_Exercise data_
----------

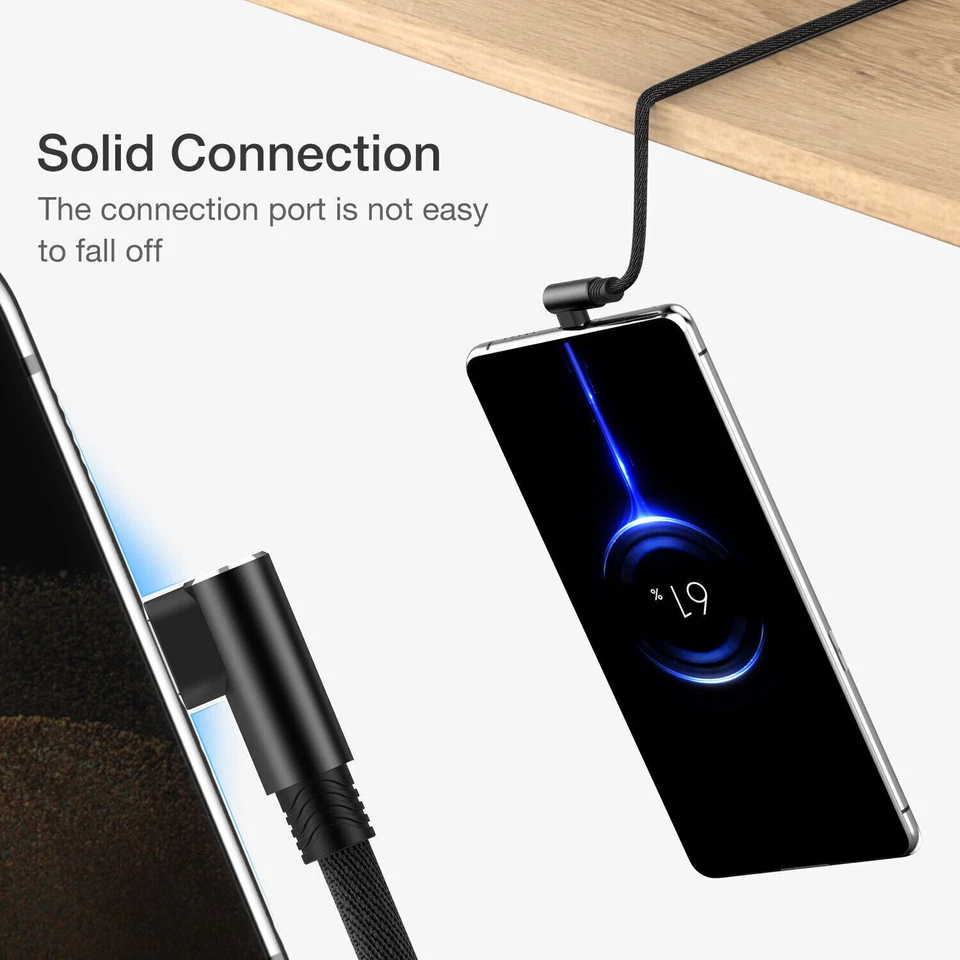 90° L-Shape Right Angle USB C Fast Charger Data Cord For Samsung S24 S23 S22 S21 - Image 4 of 4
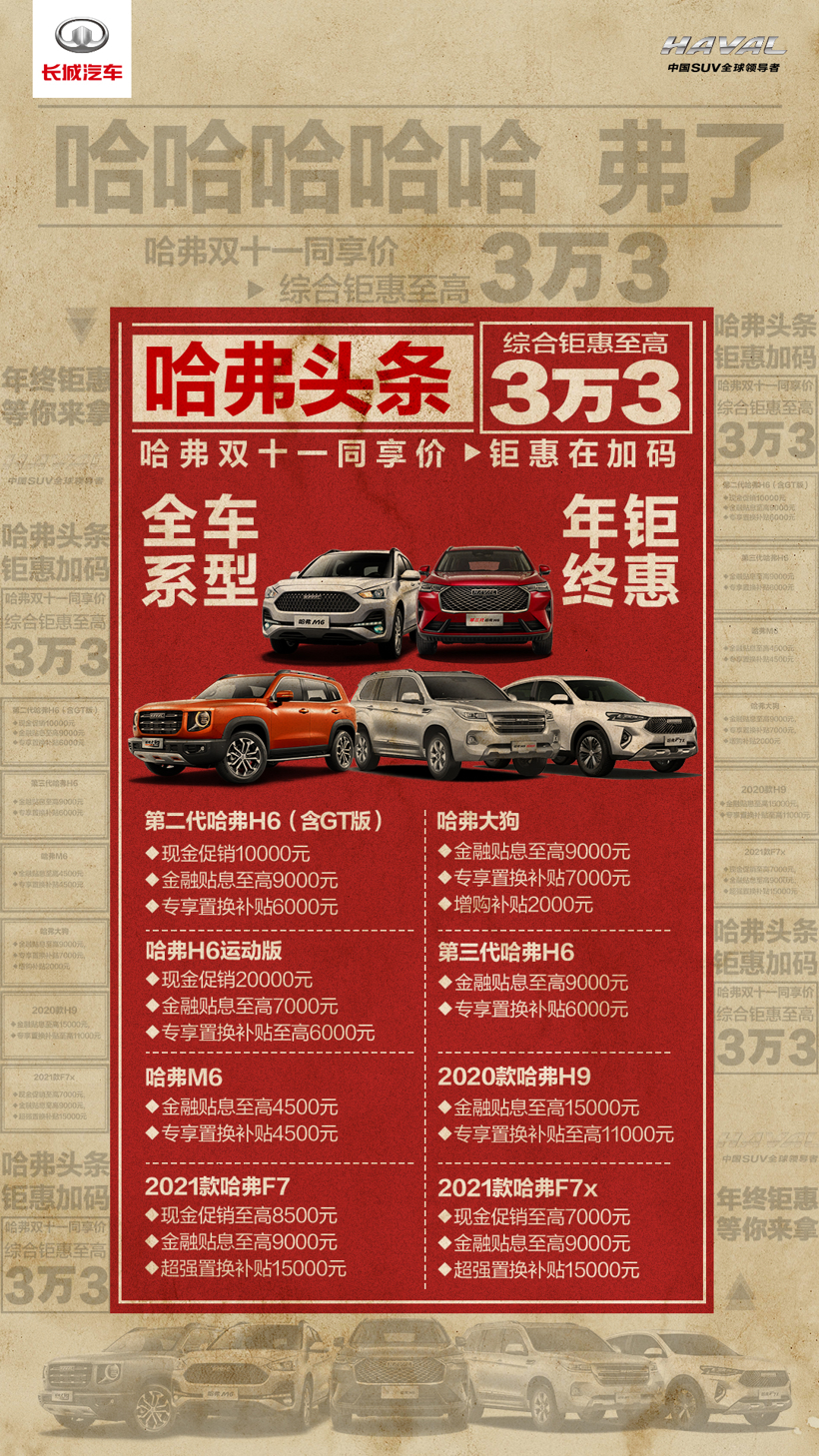 至高优惠3.3万元 哈弗发布新一轮销售政策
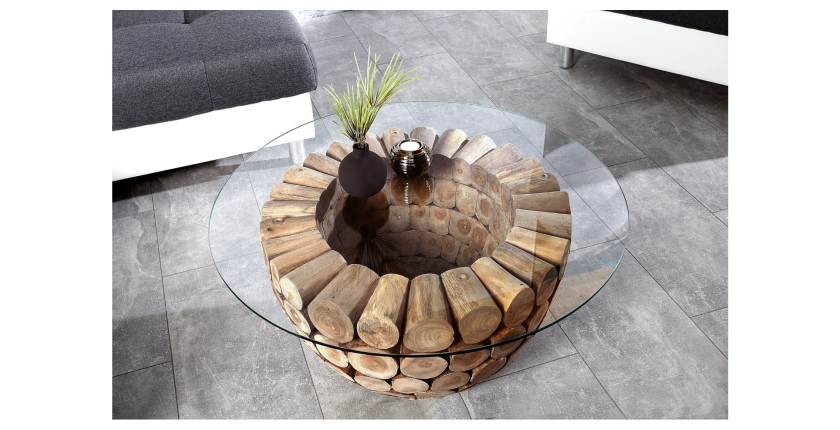 Table basse ARBOREA ronde 70cm vue de haut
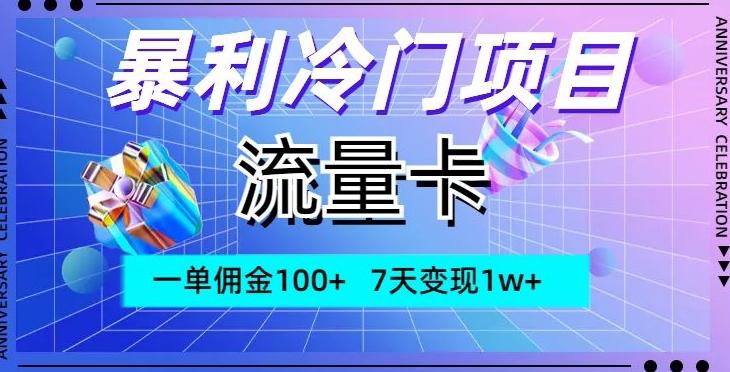 暴利冷门项目，流量卡，一单佣金100+，7天变现1w+-chywc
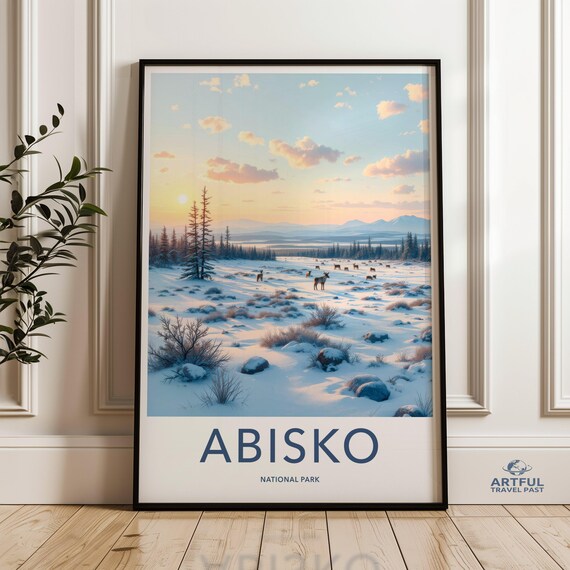 Abisko National Park Reindeer Snowy Sunrise Arctic Wildlife Poster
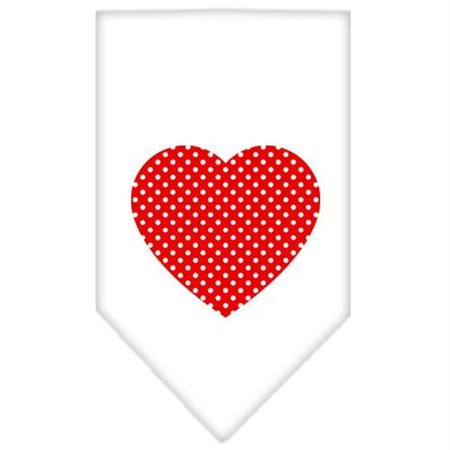UNCONDITIONAL LOVE Red Swiss Dot Heart Screen Print Bandana White Small UN797477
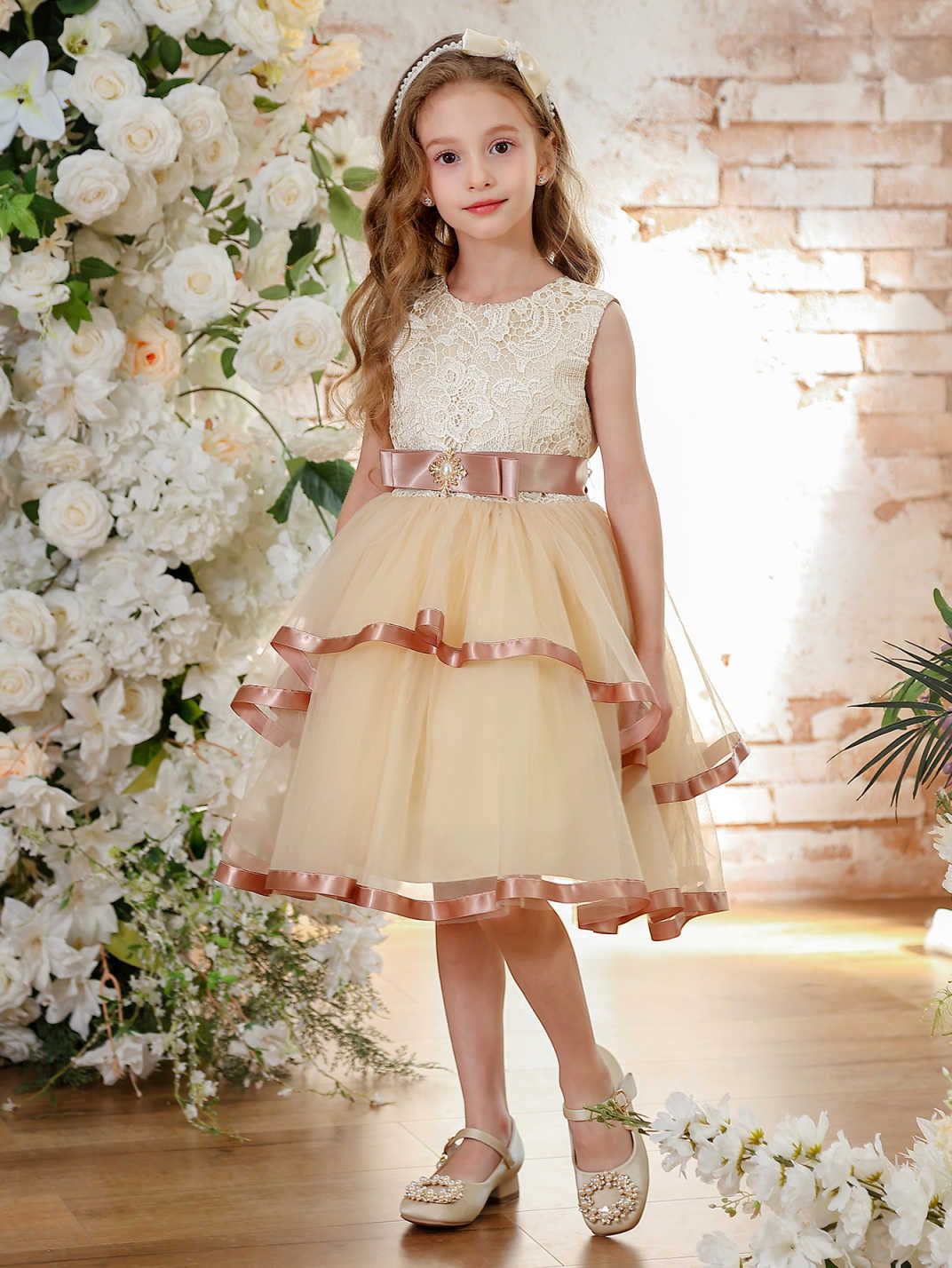 Vestido de princesa para niñas Vestido de cola sin mangas Vestido de novia de niña de las flores Falda de tul Espectáculo de pasarela para niños Espectáculo de piano Vestido de noche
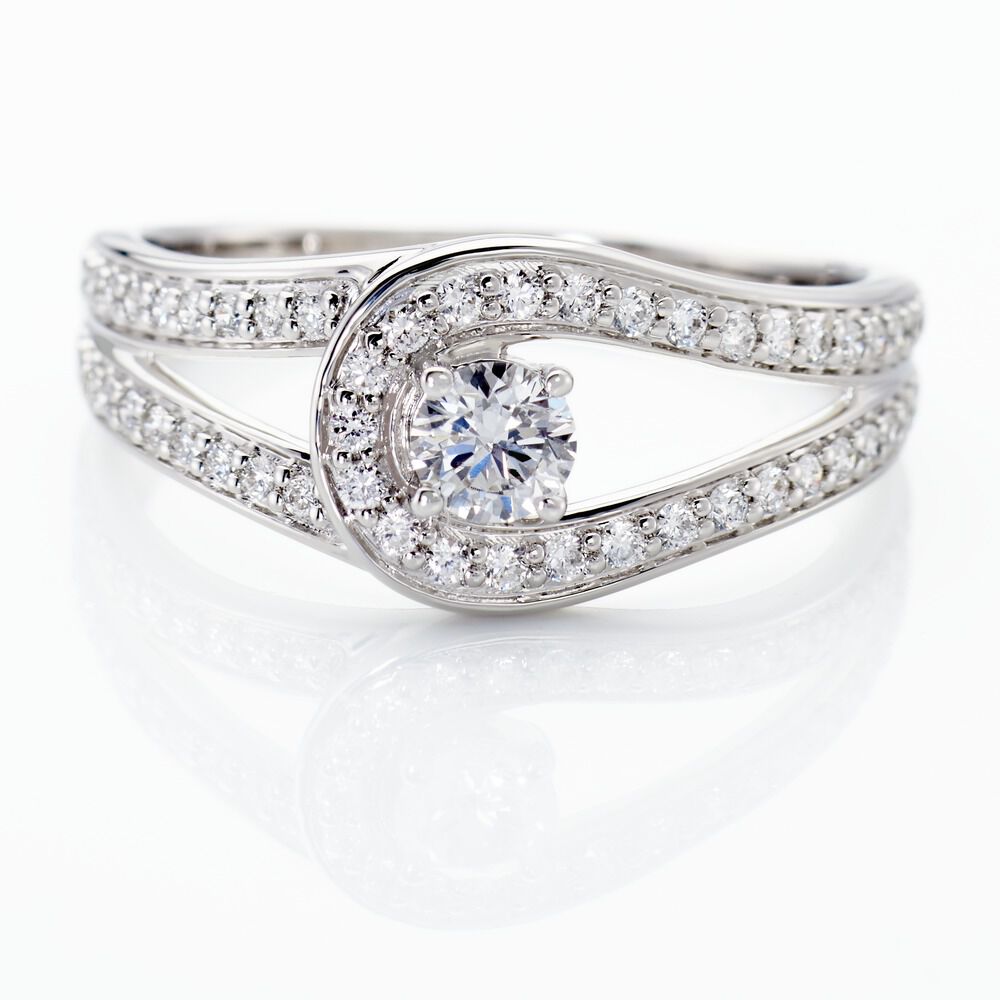 Bague Or Blanc Alease Diamants Synth&eacute;tiques - Solitaires Femme | Marc Orian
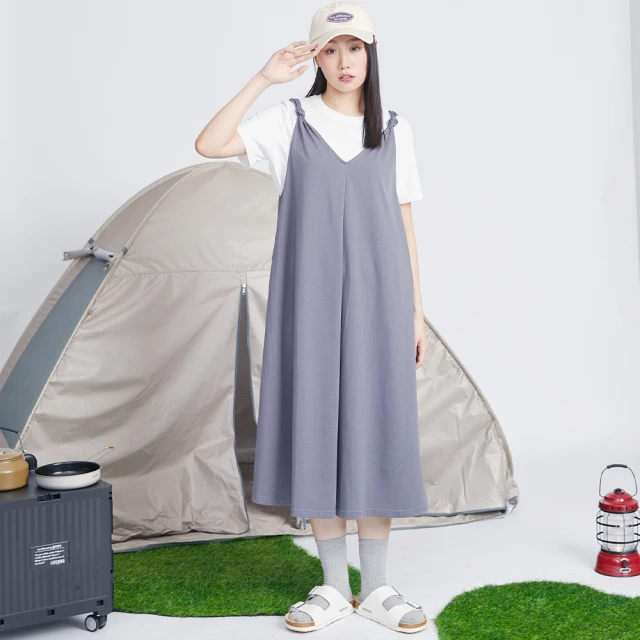 【gozo】V領拼接抽繩格紋洋裝(藍色_F)｜女裝 百搭 休閒 歷史價格詳細信息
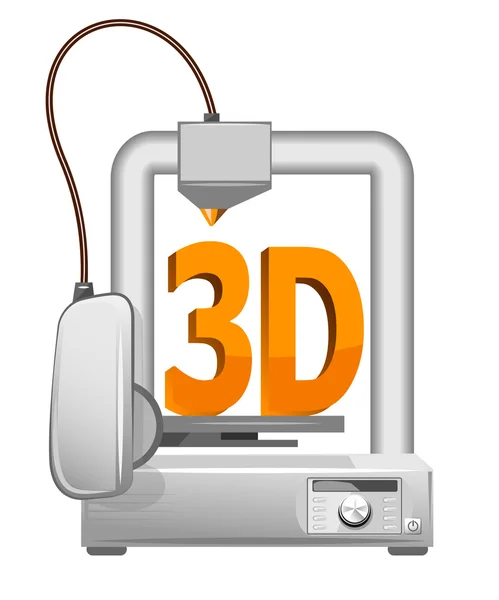 Moderna stampante 3d Home su sfondo bianco — Vettoriale Stock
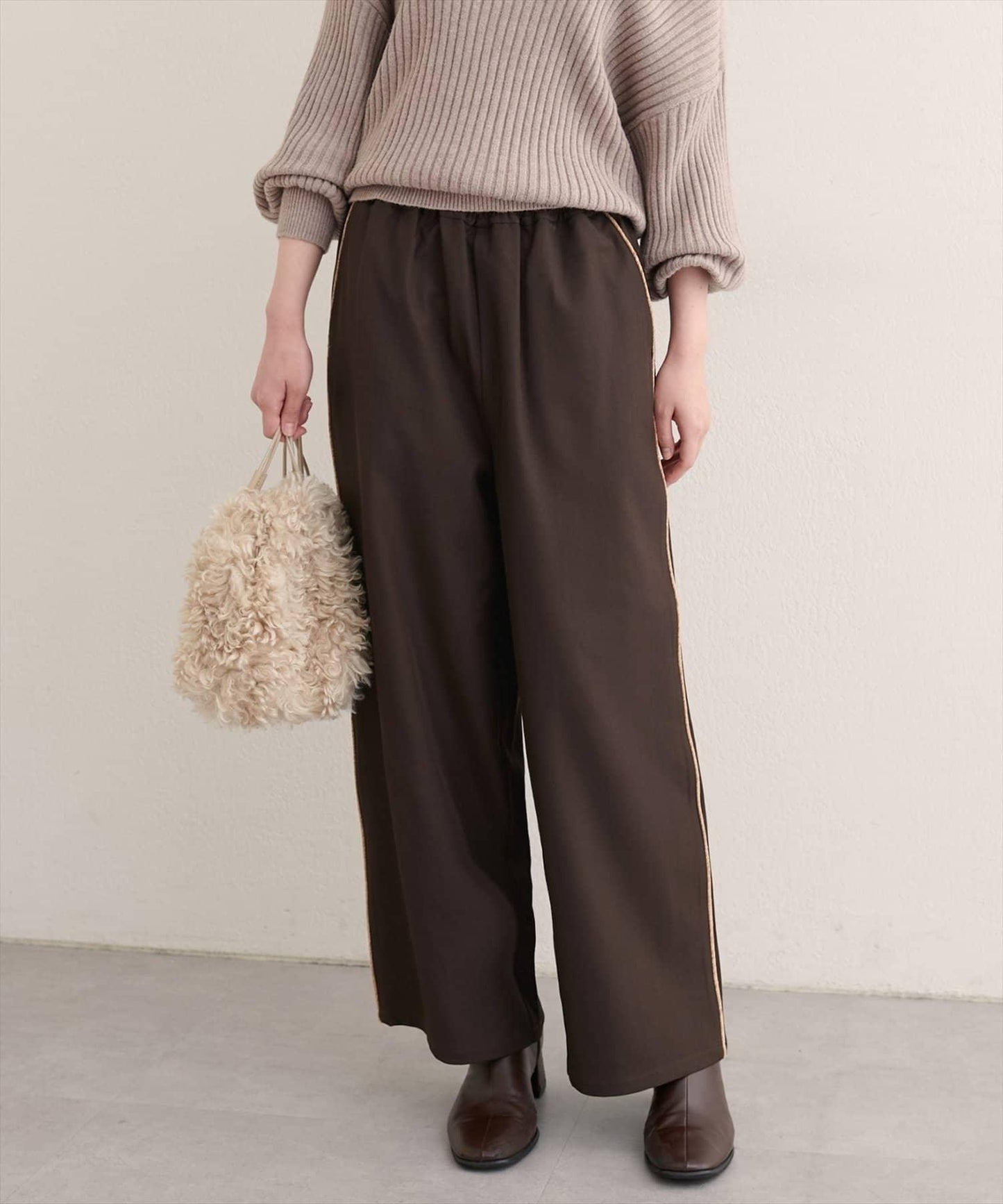 【natural couture】側邊條紋休閒褲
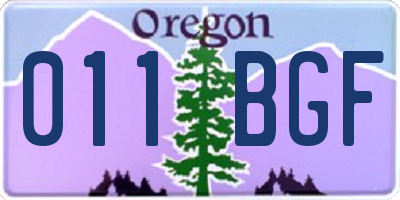 OR license plate 011BGF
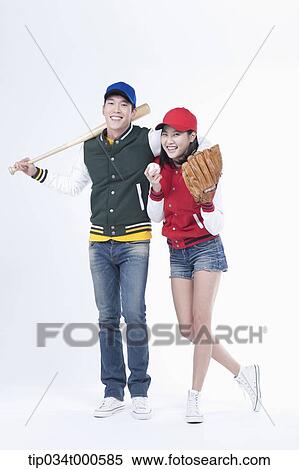 Stock Photography - Baseball supporters with baseball equipment. Fotosearch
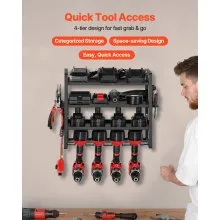 VEVOR Power Tool Organizer Wall Mount 4-Layer Drill Storage Rack 4 Drill Holders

----------

_Your objective_
Return every entry from the listing above exactly as it stands, leaving out any picture.

_Finished task_
 90° L-Shape Right Angle USB C Fast Charger Data Cord For Samsung S24 S23 S22 S21 - Image 4 of 4
 至高优惠3.3万元 哈弗发布新一轮销售政策
 Table basse ARBOREA ronde 70cm vue de haut
 暴利冷门项目，流量卡，一单佣金100+，7天变现1w+-chywc
 Abisko National Park Reindeer Snowy Sunrise Arctic Wildlife Poster
UNCONDITIONAL LOVE Red Swiss Dot Heart Screen Print Bandana White Small UN797477
 Vestido de princesa para niñas Vestido de cola sin mangas Vestido de novia de niña de las flores Falda de tul Espectáculo de pasarela para niños Espectáculo de piano Vestido de noche
 Bague Or Blanc Alease Diamants Synth&eacute;tiques - Solitaires Femme | Marc Orian
 【gozo】V領拼接抽繩格紋洋裝(藍色_F)｜女裝 百搭 休閒 歷史價格詳細信息
 Moderna stampante 3d Home su sfondo bianco — Vettoriale Stock
 【natural couture】側邊條紋休閒褲
 OR license plate 011BGF
 Stock Photography - Baseball supporters with baseball equipment. Fotosearch
 VEVOR Power Tool Organizer Wall Mount 4-Layer Drill Storage Rack 4 Drill Holders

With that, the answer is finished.